Live From Rio 2016: Japan Consortium Proves Power of Teamwork

The Japanese Consortium (JC) is once again on hand for the Olympic Games, offering Japanese-rights holders a way to streamline production and also leverage each other’s experience, personnel, and talents.

“The JC operations team has people from each member channel to make a special team,” notes Yuichi Ichiko, producer, NHK Sports.

(l-to-r) Yujin Suzuki, technical director from NTV and Yuichi Ichiko, producer from NHK Sports in the Japan Consortium broadcast operations center at the Rio Olympics IBC.

NTV’s Yujin Suzuki and NHK Sports’ Yuichi Ichiko in the Japan Consortium broadcast-operations center at the Rio 2016 IBC

The JC members are public broadcaster NHK and five commercial channels: NTV, TBS, TV Asahi, TX, and Fuji. Each has its own operations area at the IBC complete with a studio for its own hosts and interviews, but the six share a common production area that ultimately creates five feeds of content sent to Japan. And, if there is an important sport of interest to all channels, JC Operations will do the mixed-zone interview.

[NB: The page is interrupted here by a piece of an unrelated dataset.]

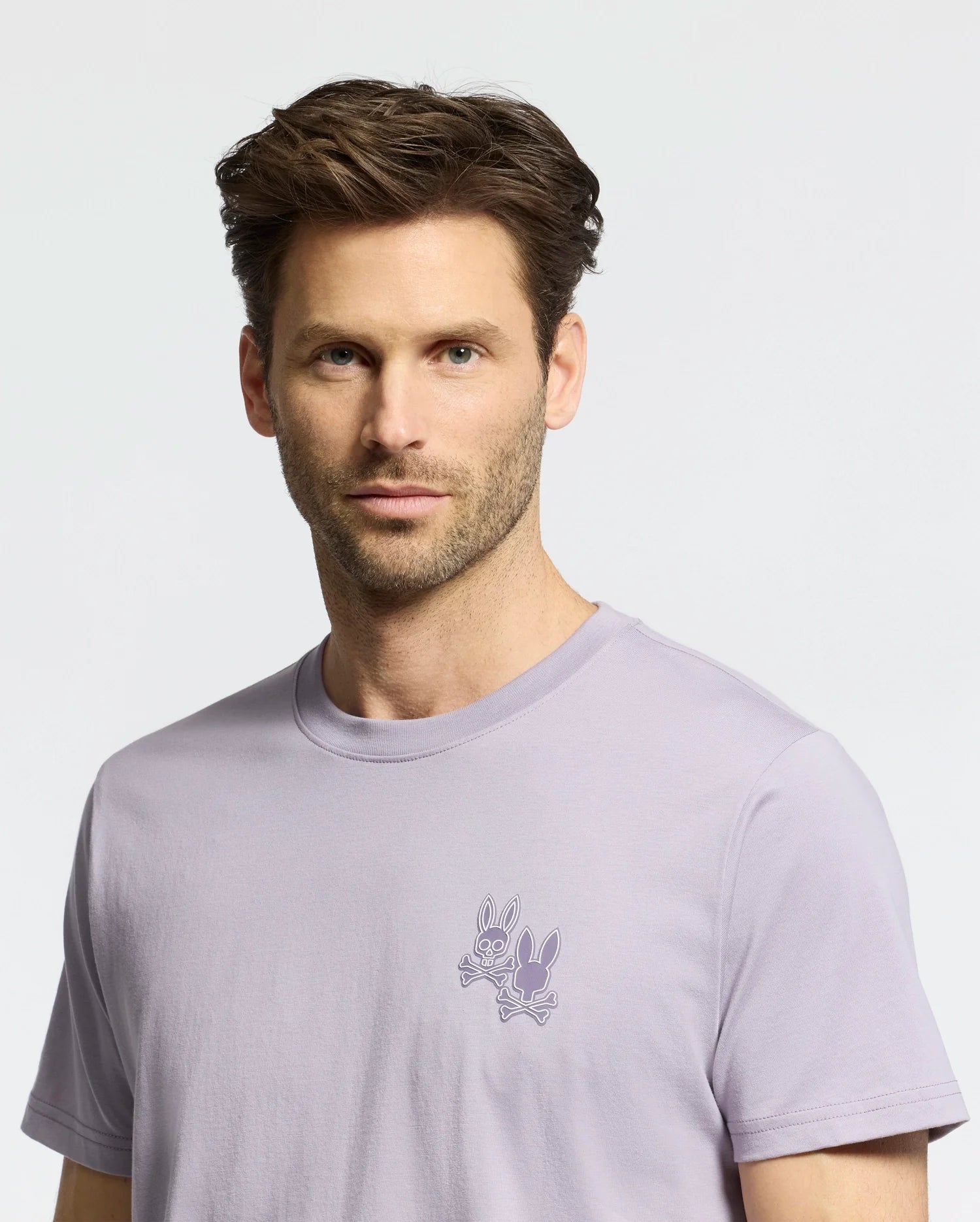 A man with short brown hair and a beard wears a light purple Psycho Bunny MENS ELLIOT FRONT BACK GRAPHIC TEE made from Pima cotton, featuring an embroidered design of two cartoon rabbits on the chest against a plain light-colored background.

According to Ichiko, the advantages of a combined approach include shared technical costs and the need for a smaller workforce. Also, with a joint team handling event production, the channels can deploy personnel on feature reporting and other content.

Each of the five feeds is sent to Tokyo via fiber at 40 Mbps.

The Japan Consortium is a joint operation among six different Japanese broadcasters.

The Japan Consortium is a joint operation of six Japanese broadcasters.

“Here at the operations area,” says Yujin Suzuki, technical director, NTV, “we take in the DX lines from OBS and our own unilateral cameras and productions in cabins. There are four production-control rooms and four commentary rooms. There the Japanese commentary is mixed with stereo and surround-sound signals, and the feed is sent to Tokyo.”

The production switchers in use are a larger For-A model that can handle 12 inputs and smaller Panasonic production switchers in the smaller control room.

Says Suzuki, “We also have nine EVS XT3 servers for backup, logging, and recording of feeds for production and delayed playback.”